2. Now learned Counsel and the learned Chief Justice had relied for the view that the decree was barred by time on certain rulings, one of which is reported in Sri Narain Tewari v. Brij Narain Rai : AIR1931All326 . This was a ruling of a Bench of which one of us was a member and in that case there was a decree under which the decree-holder was granted a right to recover possession of property in the hands of the defendants contingent on the decree-holder paying a certain sum of money to the defendants, but no date was fixed for the payment. It was held that on the passing of that decree Article 181, Limitation Act, applied, and the decree-holder had a right to make the payment to the judgment-debtor on the passing of the decree, and therefore limitation for his right to apply began to run from the time when the right to apply accrued, that is, the passing of the decree, and he was barred by three years' limitation as he did not make the payment within three years from the date of the decree. That, application made more than three years from the date of the decree was therefore held to be barred under Article 181. Now it will be noted that that was payment to be made by one party to the other. The condition in the present case is otherwise as the condition in the present case is the payment of court-fee. Now for court-fee there is a Section in the Civil Procedure Code, Section 149, which provides as follows:
Where the whole or any part of any fee prescribed for any document by the law for the time being in force relating to court-fees has not been paid, the Court may, in its discretion, at any stage, allow the person, by whom such fee is payable, to pay the whole or part, as the case may be, of such court-fee; and upon such payment the document, in respect of which such fee is payable, shall have the same force and effect as if such fee had been paid in the first instance.

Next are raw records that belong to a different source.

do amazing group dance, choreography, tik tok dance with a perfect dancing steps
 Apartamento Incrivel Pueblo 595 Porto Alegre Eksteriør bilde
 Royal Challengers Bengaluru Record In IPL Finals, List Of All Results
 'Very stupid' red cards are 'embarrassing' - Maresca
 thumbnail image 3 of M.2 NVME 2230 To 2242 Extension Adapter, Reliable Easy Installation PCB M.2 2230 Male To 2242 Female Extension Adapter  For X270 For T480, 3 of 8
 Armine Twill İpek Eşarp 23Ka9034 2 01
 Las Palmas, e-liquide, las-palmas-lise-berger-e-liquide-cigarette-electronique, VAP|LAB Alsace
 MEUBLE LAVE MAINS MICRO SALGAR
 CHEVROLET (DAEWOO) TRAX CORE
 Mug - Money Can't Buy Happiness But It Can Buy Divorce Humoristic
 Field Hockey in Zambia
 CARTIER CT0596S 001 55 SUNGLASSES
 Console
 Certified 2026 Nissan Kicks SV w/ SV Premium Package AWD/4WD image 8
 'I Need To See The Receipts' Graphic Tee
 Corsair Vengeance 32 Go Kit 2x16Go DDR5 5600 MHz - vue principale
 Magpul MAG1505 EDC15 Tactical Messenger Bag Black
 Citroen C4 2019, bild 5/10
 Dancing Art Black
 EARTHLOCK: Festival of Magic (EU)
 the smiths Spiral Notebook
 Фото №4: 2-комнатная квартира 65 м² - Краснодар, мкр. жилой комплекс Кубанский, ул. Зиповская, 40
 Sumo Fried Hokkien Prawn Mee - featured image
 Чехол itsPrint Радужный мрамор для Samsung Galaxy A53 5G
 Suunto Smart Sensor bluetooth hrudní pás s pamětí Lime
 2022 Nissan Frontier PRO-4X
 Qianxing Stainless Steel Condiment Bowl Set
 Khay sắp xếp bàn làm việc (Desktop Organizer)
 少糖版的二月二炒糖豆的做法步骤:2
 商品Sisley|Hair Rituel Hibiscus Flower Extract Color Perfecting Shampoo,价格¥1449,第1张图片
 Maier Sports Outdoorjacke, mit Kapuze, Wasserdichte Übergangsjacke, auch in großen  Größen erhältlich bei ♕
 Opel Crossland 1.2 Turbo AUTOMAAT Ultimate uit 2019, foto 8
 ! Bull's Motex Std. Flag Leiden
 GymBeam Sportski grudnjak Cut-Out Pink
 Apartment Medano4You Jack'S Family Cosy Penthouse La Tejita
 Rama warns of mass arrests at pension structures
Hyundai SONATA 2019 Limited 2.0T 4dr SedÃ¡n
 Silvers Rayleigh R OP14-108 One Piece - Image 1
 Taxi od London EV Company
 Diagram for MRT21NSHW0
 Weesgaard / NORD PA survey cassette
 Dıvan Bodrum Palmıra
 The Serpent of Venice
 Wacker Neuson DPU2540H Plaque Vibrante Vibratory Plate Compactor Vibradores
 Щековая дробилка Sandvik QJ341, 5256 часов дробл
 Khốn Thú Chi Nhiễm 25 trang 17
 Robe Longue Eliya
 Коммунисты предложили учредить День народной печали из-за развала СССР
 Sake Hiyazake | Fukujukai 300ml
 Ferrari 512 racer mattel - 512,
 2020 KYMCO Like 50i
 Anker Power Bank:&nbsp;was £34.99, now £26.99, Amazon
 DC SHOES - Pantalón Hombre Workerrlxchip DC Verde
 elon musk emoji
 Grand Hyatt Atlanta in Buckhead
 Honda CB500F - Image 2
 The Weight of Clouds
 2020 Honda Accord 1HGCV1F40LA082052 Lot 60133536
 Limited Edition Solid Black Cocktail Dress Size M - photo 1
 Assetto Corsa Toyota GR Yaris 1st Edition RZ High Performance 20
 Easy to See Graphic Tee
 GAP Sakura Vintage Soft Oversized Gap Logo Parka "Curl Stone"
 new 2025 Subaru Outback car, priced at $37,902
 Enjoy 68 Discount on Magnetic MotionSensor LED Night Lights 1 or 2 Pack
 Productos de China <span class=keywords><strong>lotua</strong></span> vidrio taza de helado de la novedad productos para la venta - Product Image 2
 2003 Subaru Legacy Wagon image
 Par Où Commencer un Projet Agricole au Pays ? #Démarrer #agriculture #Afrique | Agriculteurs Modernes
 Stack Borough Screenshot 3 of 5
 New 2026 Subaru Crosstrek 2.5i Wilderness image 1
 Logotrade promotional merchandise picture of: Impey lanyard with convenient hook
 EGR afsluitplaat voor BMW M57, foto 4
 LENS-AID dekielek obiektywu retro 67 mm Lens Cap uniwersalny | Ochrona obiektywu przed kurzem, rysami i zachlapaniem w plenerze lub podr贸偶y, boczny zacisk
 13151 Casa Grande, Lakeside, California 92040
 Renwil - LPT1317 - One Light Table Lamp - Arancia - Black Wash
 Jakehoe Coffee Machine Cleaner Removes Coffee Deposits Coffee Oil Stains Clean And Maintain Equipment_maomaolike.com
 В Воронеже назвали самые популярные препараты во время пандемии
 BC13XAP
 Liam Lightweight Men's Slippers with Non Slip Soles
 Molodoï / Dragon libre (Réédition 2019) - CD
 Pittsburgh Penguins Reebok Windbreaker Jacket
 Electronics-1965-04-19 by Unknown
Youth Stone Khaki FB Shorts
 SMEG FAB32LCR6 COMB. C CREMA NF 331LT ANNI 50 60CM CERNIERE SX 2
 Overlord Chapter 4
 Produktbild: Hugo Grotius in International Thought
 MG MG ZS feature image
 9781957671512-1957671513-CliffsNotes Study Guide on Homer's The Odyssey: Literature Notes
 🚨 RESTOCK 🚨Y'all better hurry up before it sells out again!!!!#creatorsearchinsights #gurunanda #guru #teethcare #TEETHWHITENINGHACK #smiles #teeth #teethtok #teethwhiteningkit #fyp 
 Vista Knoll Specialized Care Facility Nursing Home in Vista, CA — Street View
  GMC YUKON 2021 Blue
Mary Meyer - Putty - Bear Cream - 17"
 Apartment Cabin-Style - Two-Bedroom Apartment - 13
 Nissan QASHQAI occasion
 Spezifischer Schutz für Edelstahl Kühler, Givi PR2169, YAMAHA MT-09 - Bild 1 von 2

3. This Section gives the Court discretion at any stage to allow the person by whom a court-fee is payable to pay the court-fee. The Court of original jurisdiction has in the present case allowed the payment of the court-fee on 2nd April 1932 on the application of Jhau Lal. The question is, was the Court entitled to accept that payment or not. Section 149, Civil P.C., in our opinion gives the Court an absolute discretion in this matter. Learned Counsel argued that the application to pay the court-fee could not be made later than three years after the date of the decree because such an application would be barred under Article 182 of Limitation Act. But, in our view, the decree was not complete until the payment of the court-fee, and until that date there was no decree which could be executed. In our view also the proceeding had not become final in the Court of first instance until the Court either accepted the court-fee from Jhau Lal or had held that his claim was dismissed on account of his failing to pay the court-fee. We may also refer to the provisions in Section 11, Court-fees Act, which deals, among other matters, with the payment of court-fee in a case like the present which is a suit for an account. That Section provides:
The decree shall not be executed until the difference between the fee actually paid and the fee which would have been payable had the suit comprised the whole of the profits or the amount so decreed shall have been paid to the proper officer.
4. This shows that until the payment is made there is no decree capable of execution. In our view until there is a decree capable of execution it cannot be said that limitation has begun to run under Article 182, Limitation Act. For these reasons we allow this Letters Patent appeal with costs throughout and we restore the order of the execution Court of first instance.